**What is needed**
When the line containing "Yönetimsiz kalan Altay’da" is found in the data below, give it again along with every later line, exactly; drop the pictures.

BEGIN Record excerpts

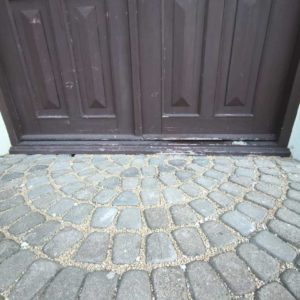 Photo 3 - Salacgrīvas Sv. Marijas Goreti katoļu baznīca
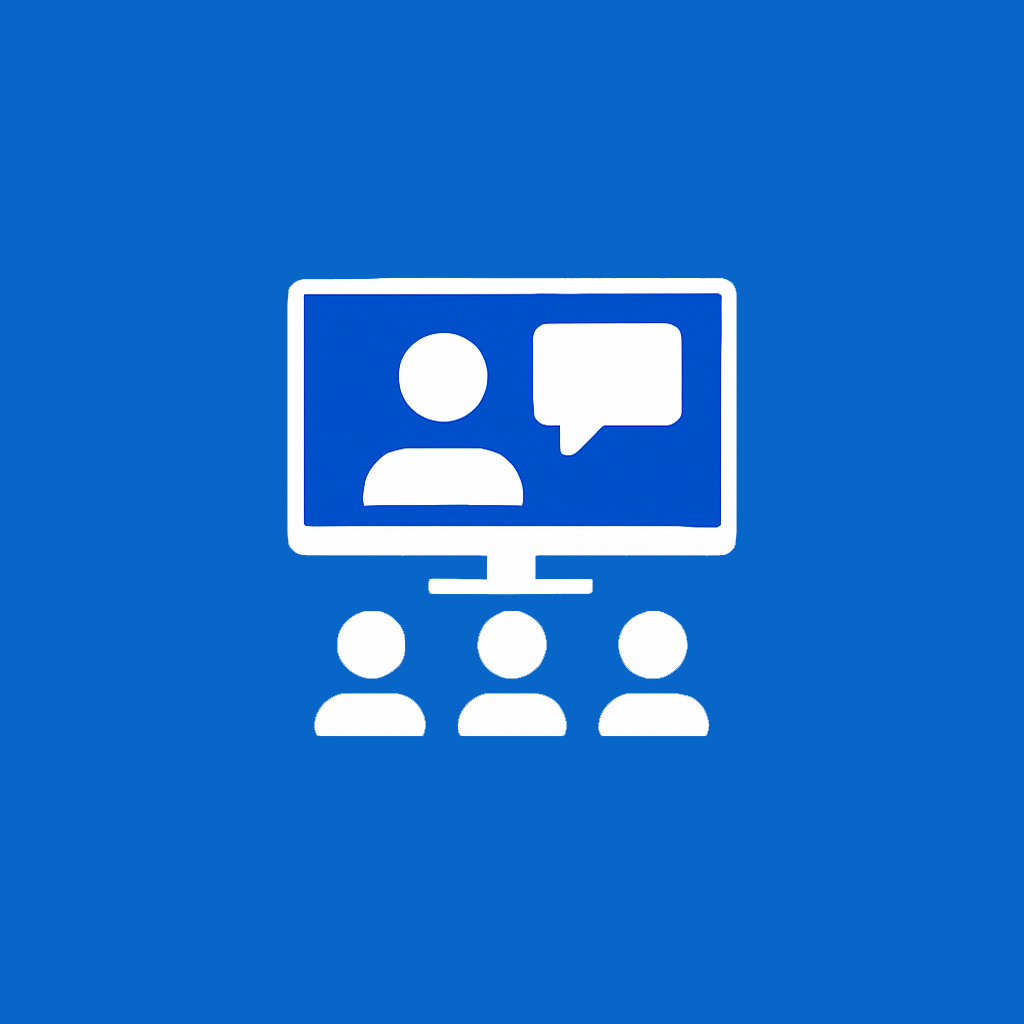 VirtualClasses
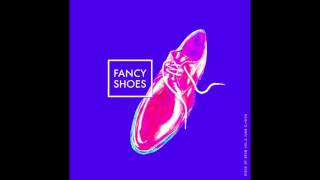 정일훈 (BTOB) - Fancy Shoes [Piece of BTOB Vol.2] - 가사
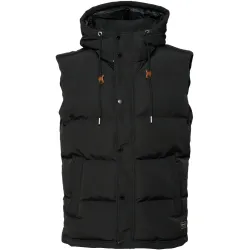 Hooded Everest Superdry - 1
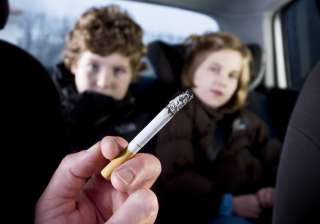 smoking kills - India TV smoking kills - India TV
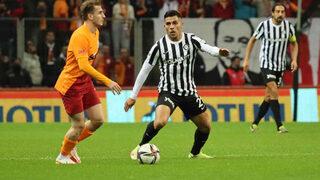 Yönetimsiz kalan Altay’da futbolcular ayrılıyor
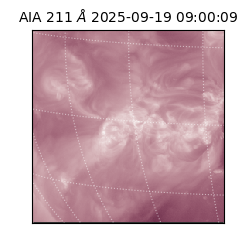 saia - 2025-09-19T09:00:09.633000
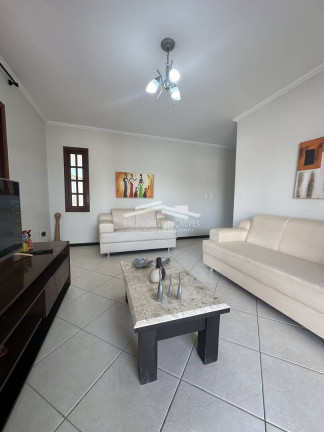Imagem Casa com 3 Quartos à Venda, 611 m² em Village 2 - Porto Seguro Imagem Casa com 3 Quartos à Venda, 611 m² em Village 2 - Porto Seguro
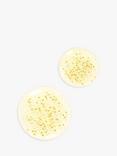 Guerlain Abeille Royale Advanced Youth Watery Oil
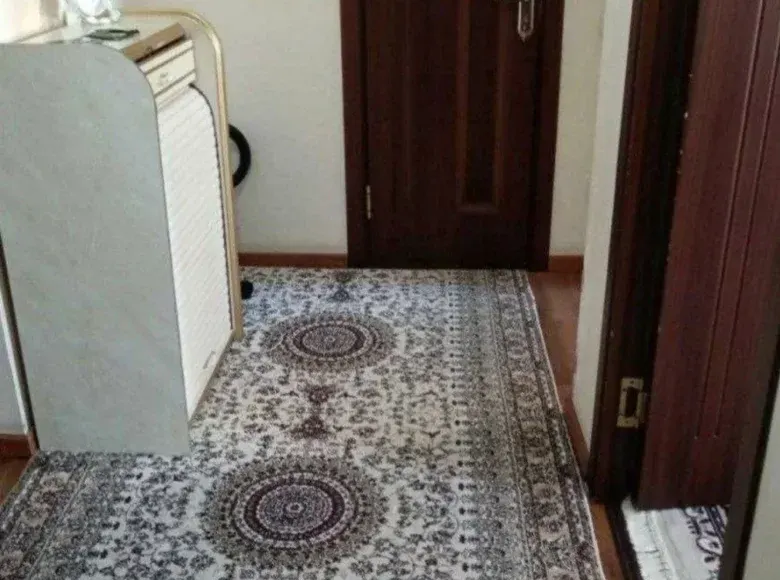 Sotiladi 1 xonali kvartira, 38 m², 4/7 qavat — Toshkent shahri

END Record excerpts

**Final answer**
 Yönetimsiz kalan Altay’da futbolcular ayrılıyor
 saia - 2025-09-19T09:00:09.633000
Imagem Casa com 3 Quartos à Venda, 611 m² em Village 2 - Porto Seguro Imagem Casa com 3 Quartos à Venda, 611 m² em Village 2 - Porto Seguro
 Guerlain Abeille Royale Advanced Youth Watery Oil
 Sotiladi 1 xonali kvartira, 38 m², 4/7 qavat — Toshkent shahri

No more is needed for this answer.